### STORED DATA

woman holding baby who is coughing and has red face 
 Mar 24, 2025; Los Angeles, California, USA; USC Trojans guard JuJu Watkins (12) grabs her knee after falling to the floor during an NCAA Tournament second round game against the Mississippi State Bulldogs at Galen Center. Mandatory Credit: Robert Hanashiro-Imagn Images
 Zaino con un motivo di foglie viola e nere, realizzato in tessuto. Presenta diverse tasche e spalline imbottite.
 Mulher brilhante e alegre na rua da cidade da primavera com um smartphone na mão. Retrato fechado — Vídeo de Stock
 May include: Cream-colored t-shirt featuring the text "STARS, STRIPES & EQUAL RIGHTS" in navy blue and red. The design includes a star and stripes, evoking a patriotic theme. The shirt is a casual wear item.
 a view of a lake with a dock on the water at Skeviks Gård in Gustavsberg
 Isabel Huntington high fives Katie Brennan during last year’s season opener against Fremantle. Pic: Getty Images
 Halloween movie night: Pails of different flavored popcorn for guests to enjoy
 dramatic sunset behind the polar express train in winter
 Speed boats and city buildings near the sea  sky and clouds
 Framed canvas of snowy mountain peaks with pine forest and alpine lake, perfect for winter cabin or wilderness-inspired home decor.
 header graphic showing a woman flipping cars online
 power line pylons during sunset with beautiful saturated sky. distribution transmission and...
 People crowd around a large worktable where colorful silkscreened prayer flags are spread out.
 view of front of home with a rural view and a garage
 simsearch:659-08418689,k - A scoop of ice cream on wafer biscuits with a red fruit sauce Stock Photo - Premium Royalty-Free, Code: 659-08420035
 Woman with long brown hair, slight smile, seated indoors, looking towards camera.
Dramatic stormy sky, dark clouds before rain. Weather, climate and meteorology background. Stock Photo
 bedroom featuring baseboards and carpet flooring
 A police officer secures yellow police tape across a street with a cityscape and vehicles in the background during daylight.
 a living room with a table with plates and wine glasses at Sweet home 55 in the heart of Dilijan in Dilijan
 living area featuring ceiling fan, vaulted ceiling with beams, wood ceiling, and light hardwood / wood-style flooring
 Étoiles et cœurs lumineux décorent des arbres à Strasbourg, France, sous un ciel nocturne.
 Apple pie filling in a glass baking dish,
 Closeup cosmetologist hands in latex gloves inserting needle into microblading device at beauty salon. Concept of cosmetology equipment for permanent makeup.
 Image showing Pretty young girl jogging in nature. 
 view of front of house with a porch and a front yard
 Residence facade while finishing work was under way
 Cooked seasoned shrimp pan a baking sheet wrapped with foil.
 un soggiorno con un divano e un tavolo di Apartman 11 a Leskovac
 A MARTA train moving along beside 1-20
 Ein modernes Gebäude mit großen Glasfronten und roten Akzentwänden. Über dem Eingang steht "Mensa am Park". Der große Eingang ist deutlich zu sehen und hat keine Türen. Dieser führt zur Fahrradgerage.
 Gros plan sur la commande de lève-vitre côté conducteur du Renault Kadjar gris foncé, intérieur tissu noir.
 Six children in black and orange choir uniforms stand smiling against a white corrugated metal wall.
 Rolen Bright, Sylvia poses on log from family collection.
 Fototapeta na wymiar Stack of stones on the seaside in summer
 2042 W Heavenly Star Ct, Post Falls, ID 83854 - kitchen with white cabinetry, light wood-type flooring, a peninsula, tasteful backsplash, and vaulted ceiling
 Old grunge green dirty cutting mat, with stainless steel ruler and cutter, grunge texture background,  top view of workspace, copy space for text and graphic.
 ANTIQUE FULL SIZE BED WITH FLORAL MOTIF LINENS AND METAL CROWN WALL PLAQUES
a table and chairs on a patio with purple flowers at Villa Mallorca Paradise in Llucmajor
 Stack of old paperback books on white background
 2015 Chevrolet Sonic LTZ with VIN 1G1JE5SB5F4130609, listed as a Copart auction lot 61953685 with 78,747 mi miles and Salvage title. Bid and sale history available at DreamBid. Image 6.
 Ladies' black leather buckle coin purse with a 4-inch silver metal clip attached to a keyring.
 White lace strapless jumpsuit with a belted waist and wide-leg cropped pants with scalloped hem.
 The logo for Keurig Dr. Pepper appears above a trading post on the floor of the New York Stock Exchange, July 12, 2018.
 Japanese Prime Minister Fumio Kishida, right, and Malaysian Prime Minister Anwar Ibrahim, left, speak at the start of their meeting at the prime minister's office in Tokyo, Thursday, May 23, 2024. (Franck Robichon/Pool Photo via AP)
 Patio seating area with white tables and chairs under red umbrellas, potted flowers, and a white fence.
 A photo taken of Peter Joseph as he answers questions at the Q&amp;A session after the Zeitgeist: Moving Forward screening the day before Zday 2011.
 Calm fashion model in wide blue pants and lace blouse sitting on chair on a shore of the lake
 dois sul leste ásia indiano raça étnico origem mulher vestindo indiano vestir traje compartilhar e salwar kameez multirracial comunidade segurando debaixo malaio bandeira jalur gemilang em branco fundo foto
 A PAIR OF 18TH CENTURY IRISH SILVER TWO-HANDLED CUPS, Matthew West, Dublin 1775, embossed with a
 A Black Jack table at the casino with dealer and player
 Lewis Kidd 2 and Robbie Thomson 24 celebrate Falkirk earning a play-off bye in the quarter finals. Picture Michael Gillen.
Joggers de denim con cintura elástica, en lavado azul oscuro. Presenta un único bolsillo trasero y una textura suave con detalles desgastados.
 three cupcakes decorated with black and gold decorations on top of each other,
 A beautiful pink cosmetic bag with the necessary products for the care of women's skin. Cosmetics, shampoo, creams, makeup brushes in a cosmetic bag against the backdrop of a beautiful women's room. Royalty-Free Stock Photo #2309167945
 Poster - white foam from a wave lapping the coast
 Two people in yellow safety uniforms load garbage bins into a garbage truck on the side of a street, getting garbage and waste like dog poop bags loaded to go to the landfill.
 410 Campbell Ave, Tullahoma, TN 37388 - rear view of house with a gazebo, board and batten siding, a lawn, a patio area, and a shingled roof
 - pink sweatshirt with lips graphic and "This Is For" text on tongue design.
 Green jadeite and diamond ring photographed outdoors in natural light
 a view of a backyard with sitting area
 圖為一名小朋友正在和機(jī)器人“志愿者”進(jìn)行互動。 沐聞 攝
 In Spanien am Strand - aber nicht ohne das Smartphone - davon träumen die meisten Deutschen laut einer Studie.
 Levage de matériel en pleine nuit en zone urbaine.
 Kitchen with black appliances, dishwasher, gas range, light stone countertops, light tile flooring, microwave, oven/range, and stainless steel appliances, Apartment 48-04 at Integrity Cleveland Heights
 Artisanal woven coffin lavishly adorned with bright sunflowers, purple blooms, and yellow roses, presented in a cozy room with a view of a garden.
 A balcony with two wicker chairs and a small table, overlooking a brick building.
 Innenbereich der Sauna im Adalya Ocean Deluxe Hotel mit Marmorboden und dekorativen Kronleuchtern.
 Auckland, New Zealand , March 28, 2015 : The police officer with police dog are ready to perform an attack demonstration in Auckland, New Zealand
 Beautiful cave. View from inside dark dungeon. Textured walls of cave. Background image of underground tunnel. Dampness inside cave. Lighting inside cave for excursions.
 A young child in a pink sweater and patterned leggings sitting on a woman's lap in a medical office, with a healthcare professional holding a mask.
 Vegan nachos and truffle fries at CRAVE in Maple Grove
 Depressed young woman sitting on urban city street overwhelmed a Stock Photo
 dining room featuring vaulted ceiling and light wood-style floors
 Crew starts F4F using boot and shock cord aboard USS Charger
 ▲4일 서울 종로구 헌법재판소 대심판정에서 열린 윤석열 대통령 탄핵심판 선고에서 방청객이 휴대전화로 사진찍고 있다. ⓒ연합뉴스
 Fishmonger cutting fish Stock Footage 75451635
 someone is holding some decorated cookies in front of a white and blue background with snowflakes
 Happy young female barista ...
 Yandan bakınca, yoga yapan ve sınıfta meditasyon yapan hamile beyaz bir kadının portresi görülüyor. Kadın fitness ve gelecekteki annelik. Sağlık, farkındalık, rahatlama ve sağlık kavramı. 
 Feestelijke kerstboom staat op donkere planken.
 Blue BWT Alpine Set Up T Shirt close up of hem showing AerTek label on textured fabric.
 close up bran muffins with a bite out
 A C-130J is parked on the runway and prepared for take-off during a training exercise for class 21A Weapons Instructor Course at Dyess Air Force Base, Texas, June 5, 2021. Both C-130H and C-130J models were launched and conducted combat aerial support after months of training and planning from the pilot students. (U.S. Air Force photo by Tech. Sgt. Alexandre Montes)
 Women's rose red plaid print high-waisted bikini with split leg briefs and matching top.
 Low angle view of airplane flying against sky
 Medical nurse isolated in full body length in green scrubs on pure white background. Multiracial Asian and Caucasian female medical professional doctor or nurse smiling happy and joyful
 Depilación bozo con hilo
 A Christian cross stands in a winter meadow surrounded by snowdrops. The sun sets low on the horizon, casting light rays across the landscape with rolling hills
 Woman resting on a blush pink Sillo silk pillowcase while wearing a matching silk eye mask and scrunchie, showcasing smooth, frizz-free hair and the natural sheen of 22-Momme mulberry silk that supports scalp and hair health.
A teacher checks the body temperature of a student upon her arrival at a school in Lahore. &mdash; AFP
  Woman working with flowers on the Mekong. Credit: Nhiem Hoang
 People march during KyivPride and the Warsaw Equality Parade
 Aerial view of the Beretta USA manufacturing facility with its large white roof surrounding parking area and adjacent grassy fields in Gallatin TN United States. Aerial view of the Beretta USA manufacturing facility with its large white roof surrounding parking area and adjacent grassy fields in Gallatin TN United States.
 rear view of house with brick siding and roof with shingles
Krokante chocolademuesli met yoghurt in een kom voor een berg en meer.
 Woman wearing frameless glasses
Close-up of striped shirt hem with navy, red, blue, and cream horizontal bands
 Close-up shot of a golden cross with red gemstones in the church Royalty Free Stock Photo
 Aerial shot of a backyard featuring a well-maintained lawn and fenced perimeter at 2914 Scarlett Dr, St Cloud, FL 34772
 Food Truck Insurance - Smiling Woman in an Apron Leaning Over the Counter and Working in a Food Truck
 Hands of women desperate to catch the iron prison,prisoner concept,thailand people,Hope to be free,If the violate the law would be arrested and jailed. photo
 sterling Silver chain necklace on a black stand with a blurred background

######

◆ **YOUR TASK**
Lines of the listing above that contain the word "police" must all be copied.

◆ **ANSWER SPACE**
 A police officer secures yellow police tape across a street with a cityscape and vehicles in the background during daylight.
 Auckland, New Zealand , March 28, 2015 : The police officer with police dog are ready to perform an attack demonstration in Auckland, New Zealand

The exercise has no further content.